La letteratura mostra come la malattia mentale esista in quanto fatto oggettivo (di ordine biologico e medico-clinico e/o di ordine psichiatrico-psicologico), e questo è un fatto innegabile. Tuttavia accanto ad essa si trova, purtroppo ancora troppo spesso, anche il “pregiudizio”, ovvero un giudizio anticipato e connotato negativamente. Pertanto la malattia mentale diventa anche un fatto soggettivo, che colpisce il singolo individuo portatore di patologia, accompagnandosi a sintomi e sofferenze spesso invalidanti.
La percezione ed interpretazione da parte della collettività rispetto all’individuo portatore di malattia mentale sembra rivestire una fondamentale importanza, fatto questo confermato dagli studi che confermano quanto sia rilevante l’atteggiamento dei soggetti sani nei confronti dell’individuo malato.
Egli, portatore di un disagio, deve spesso sommare al suo dolore di base quello derivante dall’inconscia paura che gli altri provano nei suoi confronti e che si manifesta sotto forma di una comunicazione non verbale fatta di occhiate, evitamenti fisici, smorfie e rifiuti più o meno espliciti. Il passaggio successivo, ancora più grave e pericolosamente vicino, è il passare dal pensiero all’azione vera e propria, attraverso atteggiamenti di stigmatizzazione, emarginazione, punizione o isolamento. Si tratta di meccanismi di difesa messi in atto dal soggetto sano allo scopo di tutelarsi dall’angoscia della malattia, ma che hanno pesanti risvolti sui soggetti in realtà più deboli e bisognosi di aiuto.

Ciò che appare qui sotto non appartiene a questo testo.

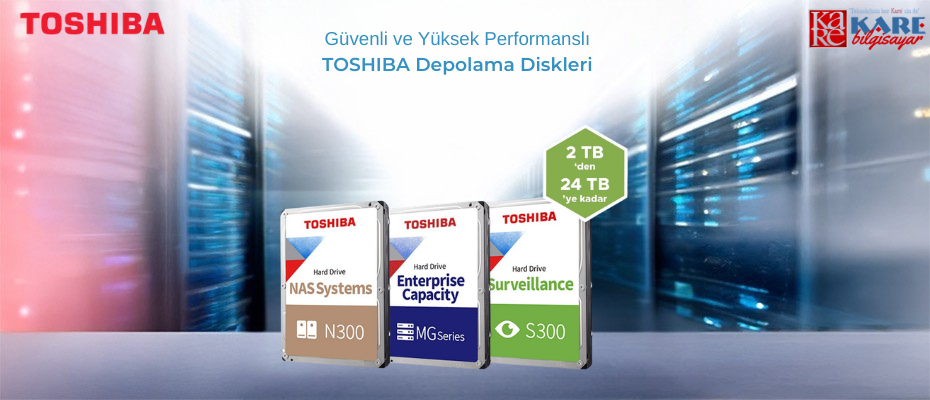 TOSHIBA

Ogni mente, anche la più malata, cerca al suo interno una organizzazione logica
Da questo possiamo intendere che la mente del soggetto malato non è mai priva di contenuti; semplicemente ha in sé significati non comprensibili dal soggetto cosiddetto normale e segue schemi aventi una propria logica, pur se distorta. Tale ipotesi può però essere accettata solo aprendo la propria mente alla possibilità che anche nel caos della mente delirante esista una piccola isola di autenticità.
Se ci poniamo la domanda “che cos’è la diversità? Che cosa stabilisce l’essere deviante dalla norma?” non sembra possibile trovare una facile risposta. Per comprendere veramente il significato di malattia mentale ritengo sia utile partire dal concetto di relatività. Infatti, tutto ciò che accade nel mondo, gli atteggiamenti, i giudizi su ciò che ci circonda e sulle persone sono soggetti ad interpretazione e come tali estremamente relativi. Inoltre, quasi tutto dipende da chi giudica e non da chi viene giudicato. Lo stesso concetto di normalità o anormalità non è universale, varia da cultura a cultura e muta di significato nel corso del tempo.

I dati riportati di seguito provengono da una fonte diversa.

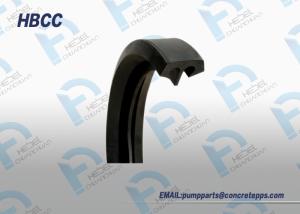 China Promotional concrete pump rubber seal/ring/gasket with low price wholesale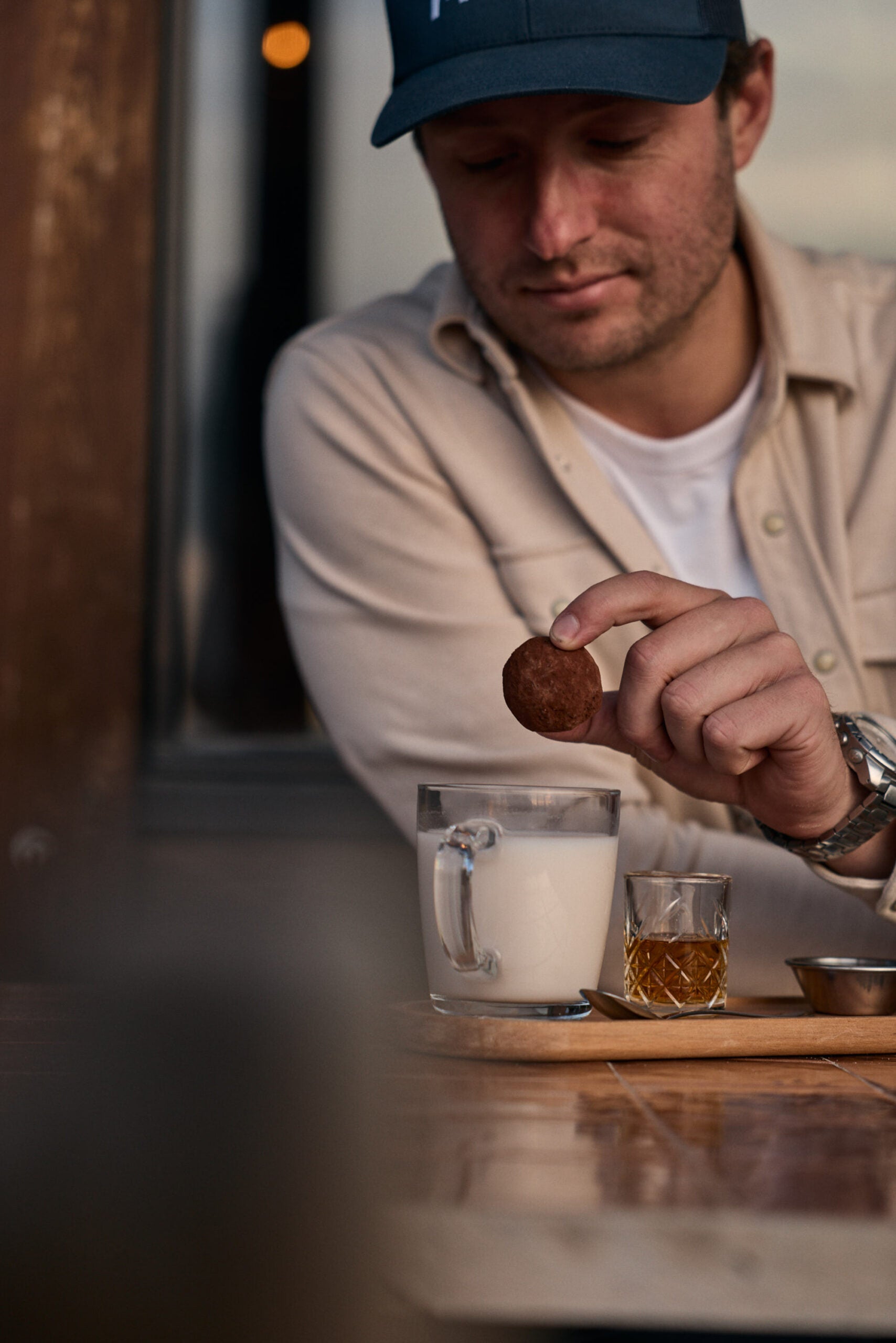 Chocomates – Handmade Hot Chocolate Balls (4 pcs)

La malattia mentale: le valutazioni nel tempo
Scorrendo la letteratura ci possiamo rendere conto di come molte esperienze umane considerate prive di senso in determinate società o epoche storiche, siano poi state al contrario accettate come logiche e naturali presso popolazioni o periodi differenti, subendo continue e ripetute trasformazioni. Troppo spesso la persona comune e sana sembra eccessivamente legata al suo buon senso ed alla sua ragione. Questo rischia di portare al rifugiarsi in pseudo certezze che da un lato hanno la funzione di rassicurare, ma dall’altro portano al rischio di fare chiudere l’individuo in una sterile e ristretta visione delle cose e del mondo.

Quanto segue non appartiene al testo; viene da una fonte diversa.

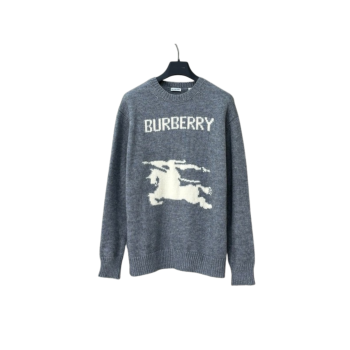 [ Burberry ] 버버리 라운드 니트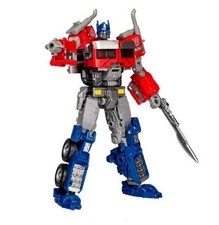 Hasbro Transformers Studio Series 102 Voyager Leader Class Optimus Prime Toy Kid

Accettare il ragionamento del malato mentale come portatore di un valore in sé implica che la società dei sani si metta in discussione, accogliendo l’esistenza di idee e di comportamenti che sfuggono alla ragione della gente comune e lavorando insieme per trovare nuove strategie per permettere una sempre maggiore integrazione nella società della persona, pur se malata, restituendole la giusta dignità e riconoscendola semplicemente in quanto individuo.